Goal of the exercise :: Can the lines below, from the one that holds "Adi's Wax Heart Candle, Color : Red" to the very end, be echoed exactly, with both ends included and no pictures?
** Opening Task input block **
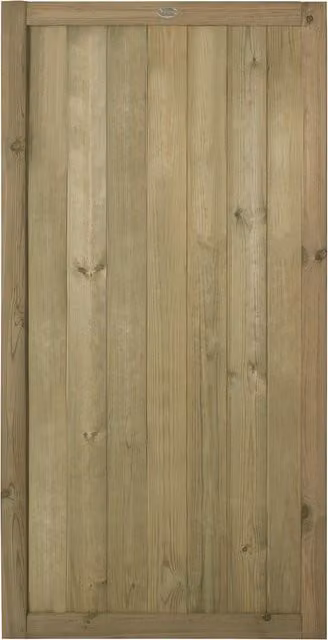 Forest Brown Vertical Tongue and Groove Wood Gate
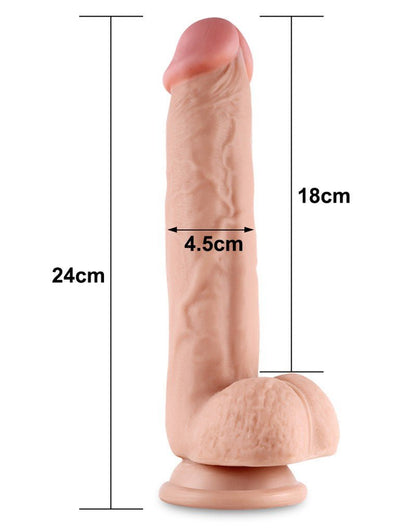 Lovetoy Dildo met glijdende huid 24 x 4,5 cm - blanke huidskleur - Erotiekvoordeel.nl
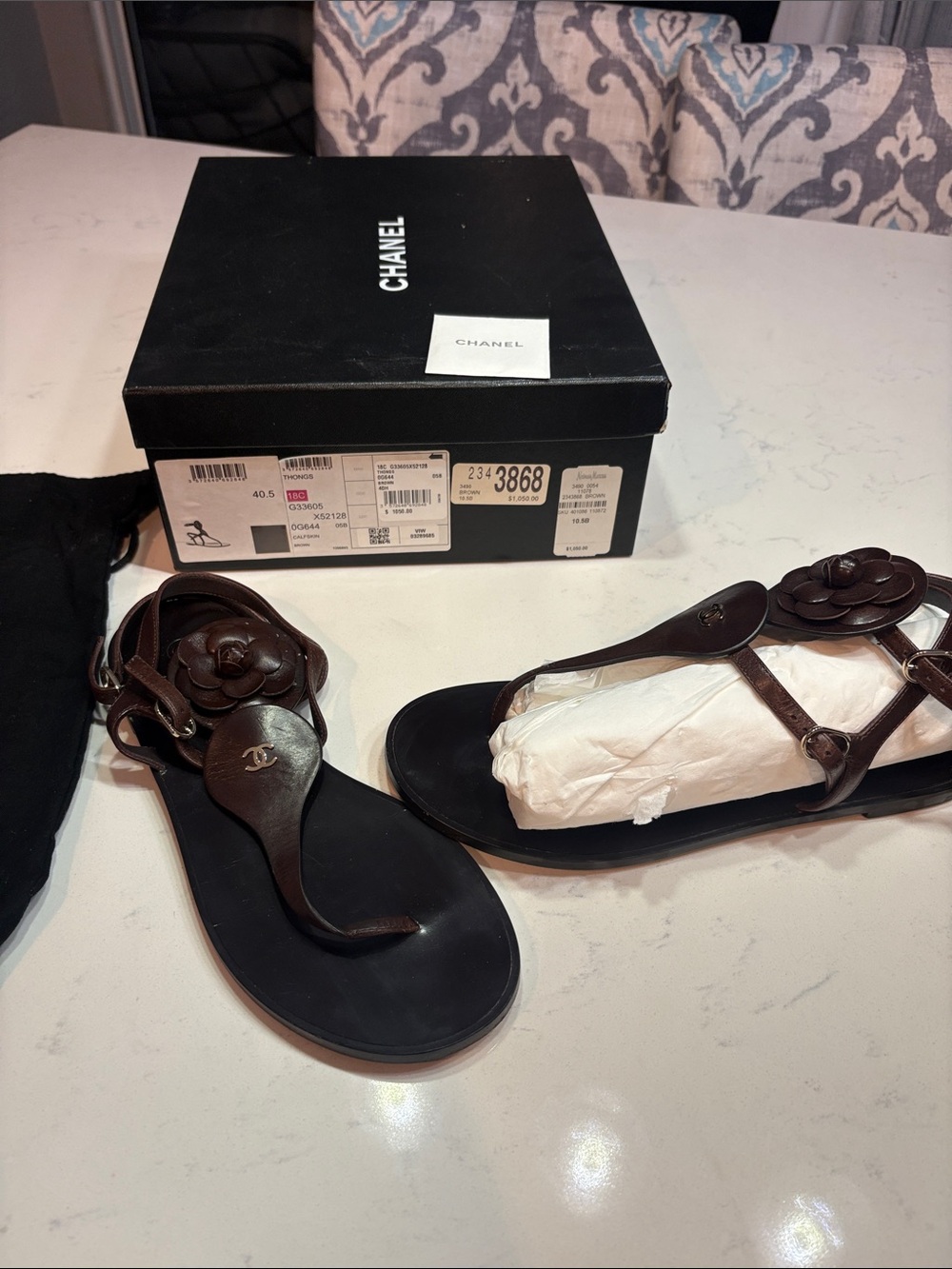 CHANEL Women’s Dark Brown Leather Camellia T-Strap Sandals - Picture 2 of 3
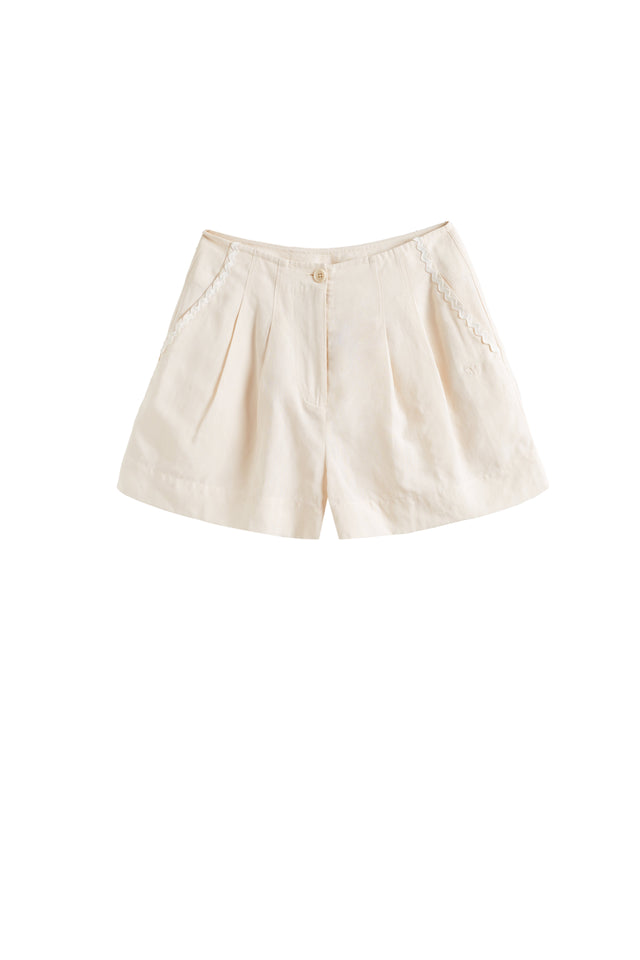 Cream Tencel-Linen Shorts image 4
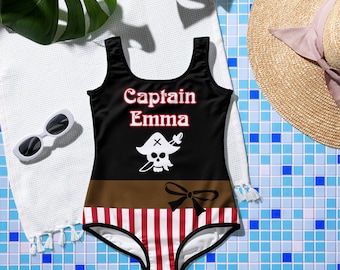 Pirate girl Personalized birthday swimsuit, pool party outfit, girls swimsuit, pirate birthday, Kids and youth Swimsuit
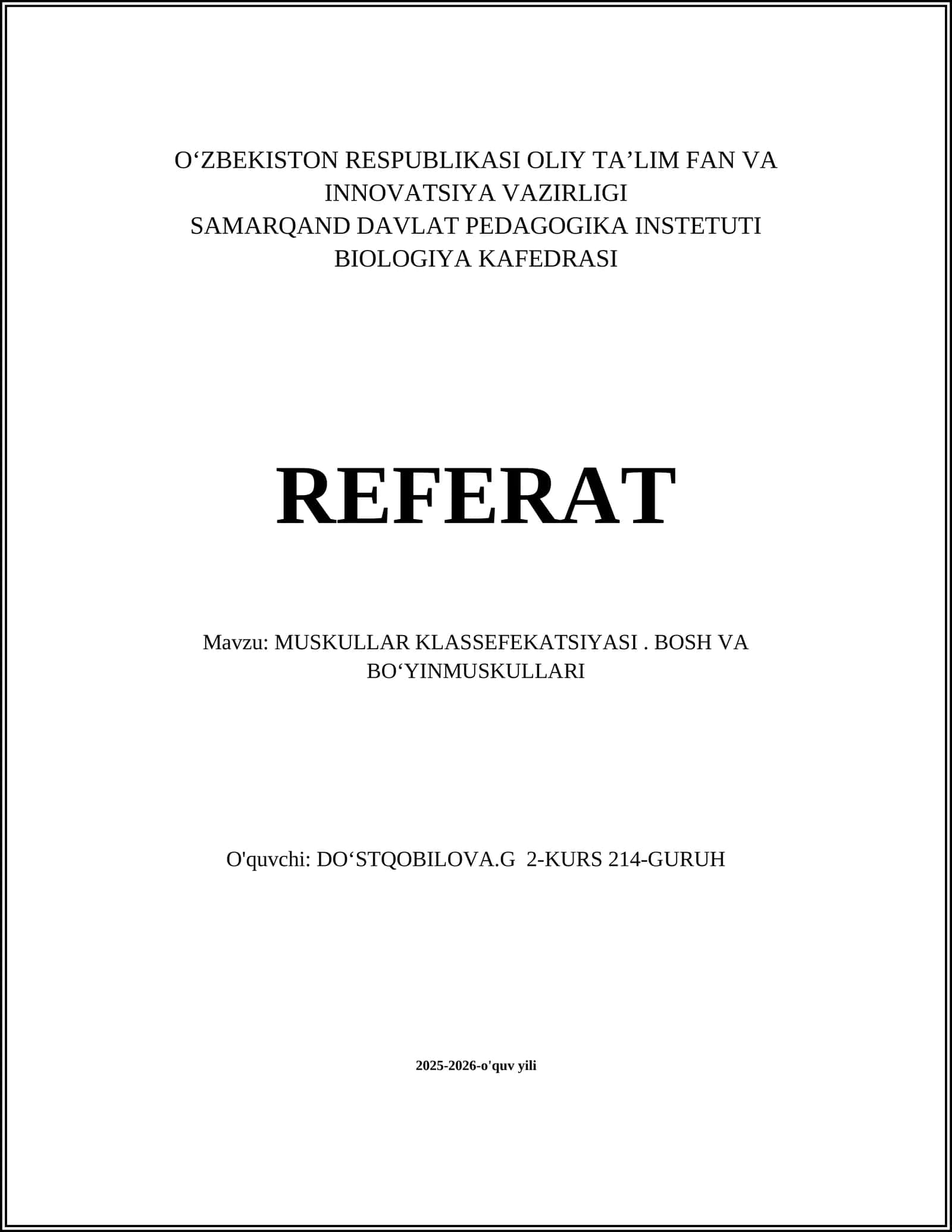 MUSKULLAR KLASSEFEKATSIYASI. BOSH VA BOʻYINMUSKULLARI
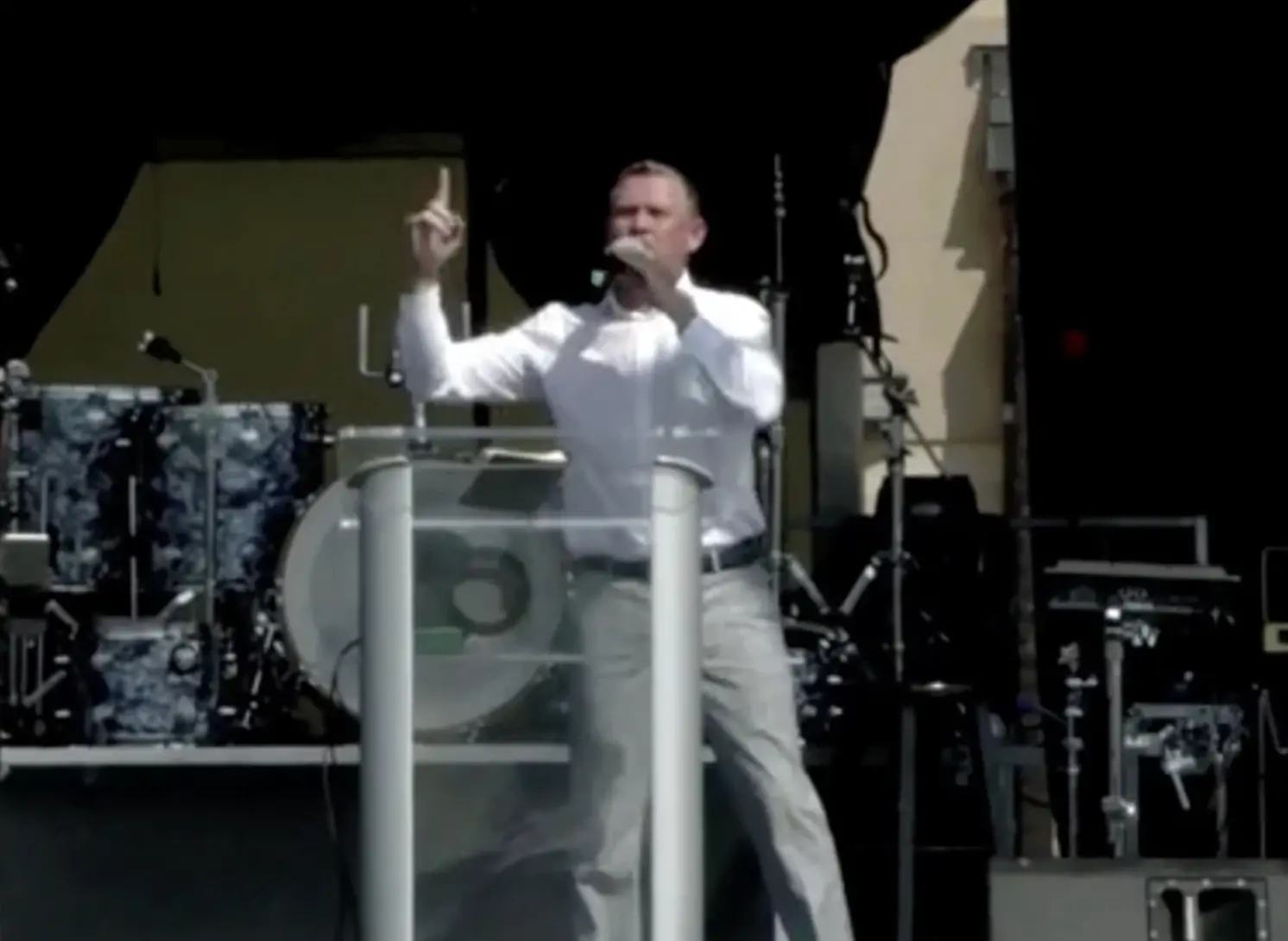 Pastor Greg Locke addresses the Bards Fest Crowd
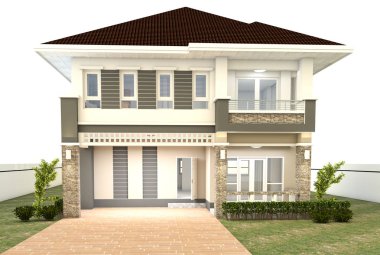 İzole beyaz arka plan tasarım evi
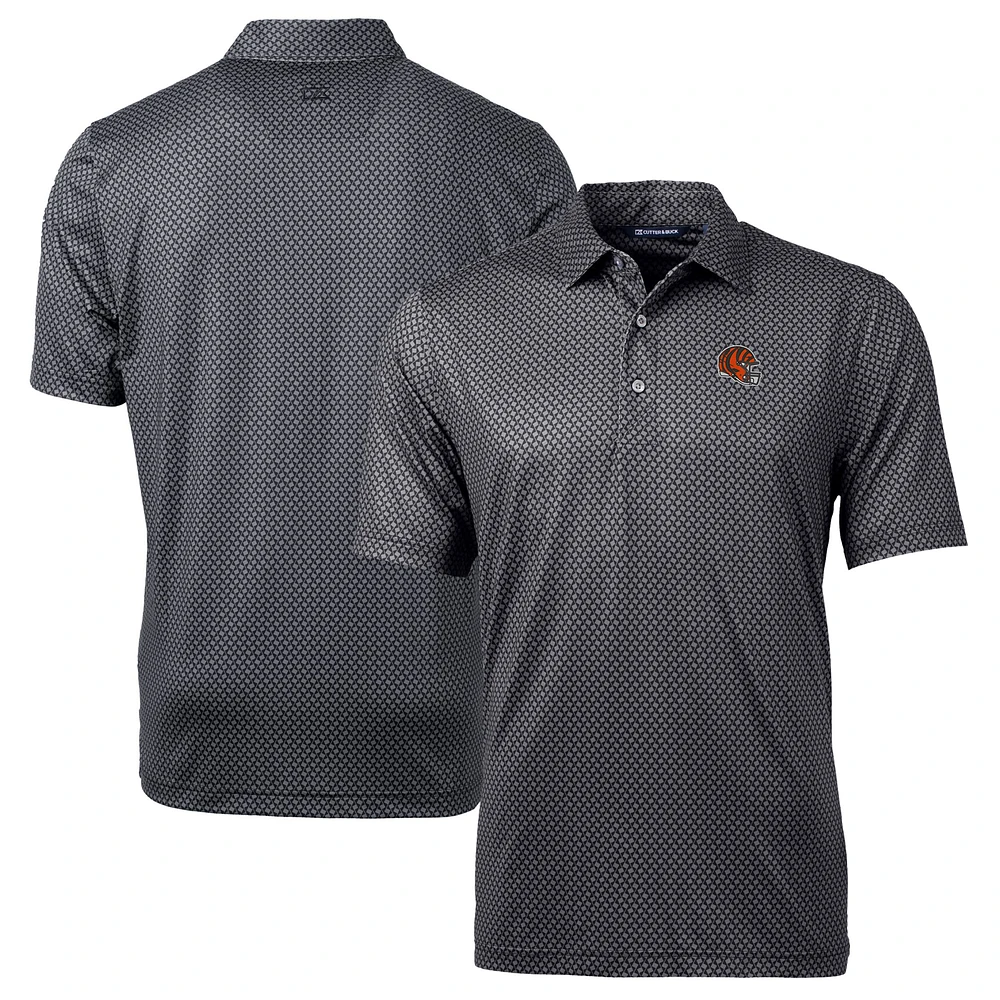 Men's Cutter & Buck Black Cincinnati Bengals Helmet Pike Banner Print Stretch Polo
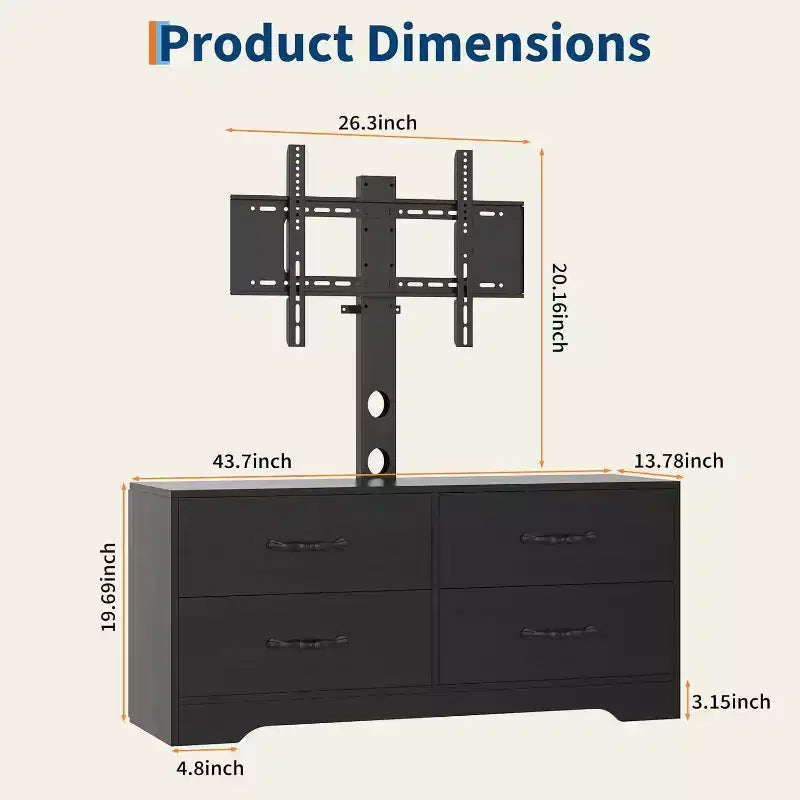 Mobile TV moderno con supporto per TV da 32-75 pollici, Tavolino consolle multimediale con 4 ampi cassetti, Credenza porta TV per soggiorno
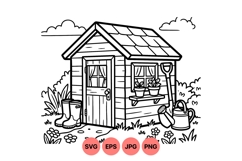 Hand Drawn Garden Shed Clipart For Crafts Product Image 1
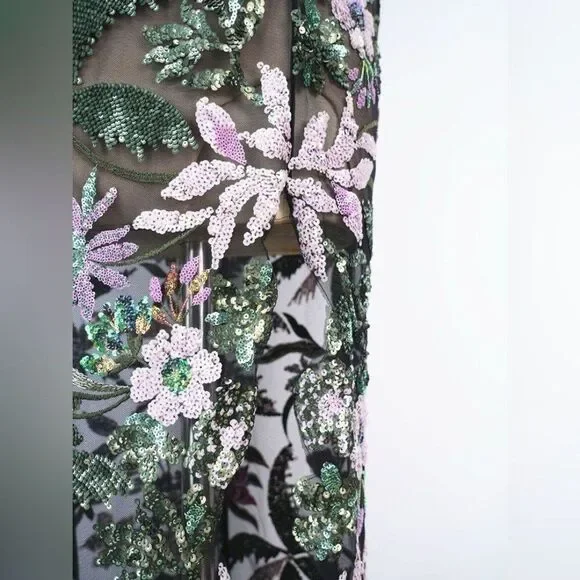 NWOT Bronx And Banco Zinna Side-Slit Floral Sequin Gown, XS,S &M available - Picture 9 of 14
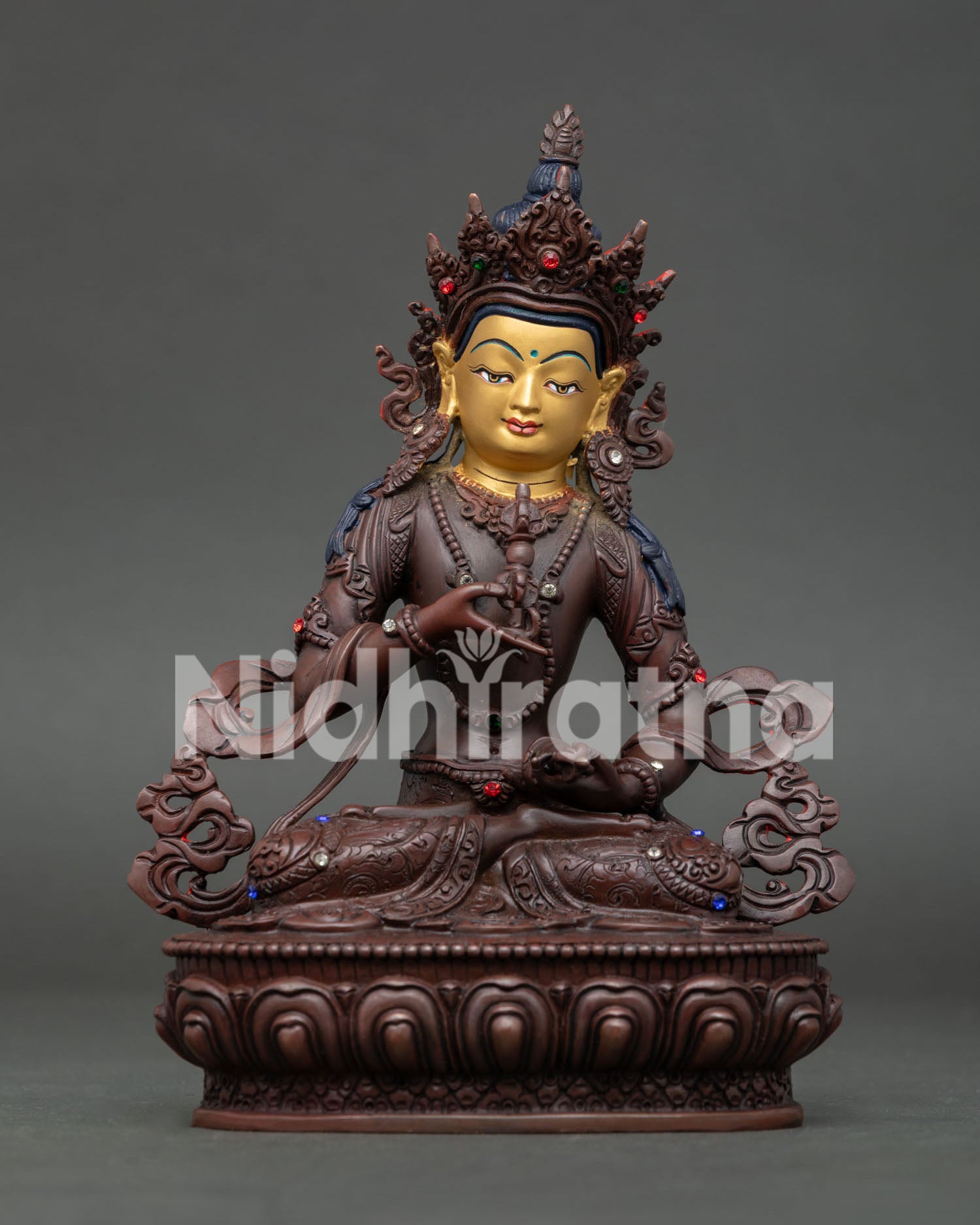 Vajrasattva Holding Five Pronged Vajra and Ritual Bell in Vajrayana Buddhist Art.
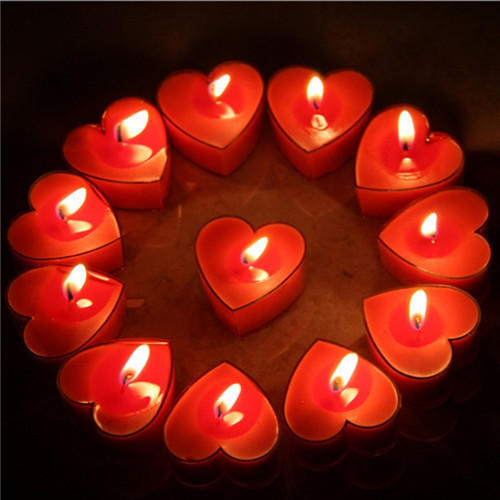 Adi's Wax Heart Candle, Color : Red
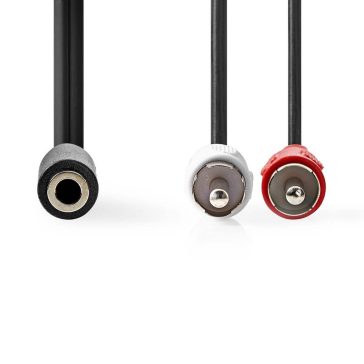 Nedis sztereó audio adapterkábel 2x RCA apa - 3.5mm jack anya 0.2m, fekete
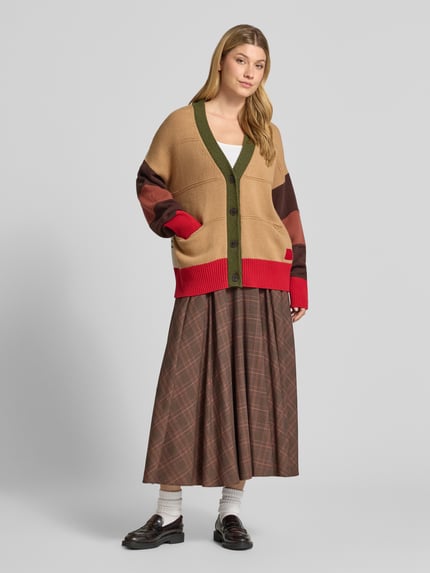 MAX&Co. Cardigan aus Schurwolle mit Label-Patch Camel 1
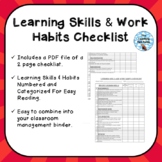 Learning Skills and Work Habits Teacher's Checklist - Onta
** Closing Task input block **
Completed exercise ::
 Adi's Wax Heart Candle, Color : Red
 Nedis sztereó audio adapterkábel 2x RCA apa - 3.5mm jack anya 0.2m, fekete
 MAX&Co. Cardigan aus Schurwolle mit Label-Patch Camel 1
 Learning Skills and Work Habits Teacher's Checklist - Onta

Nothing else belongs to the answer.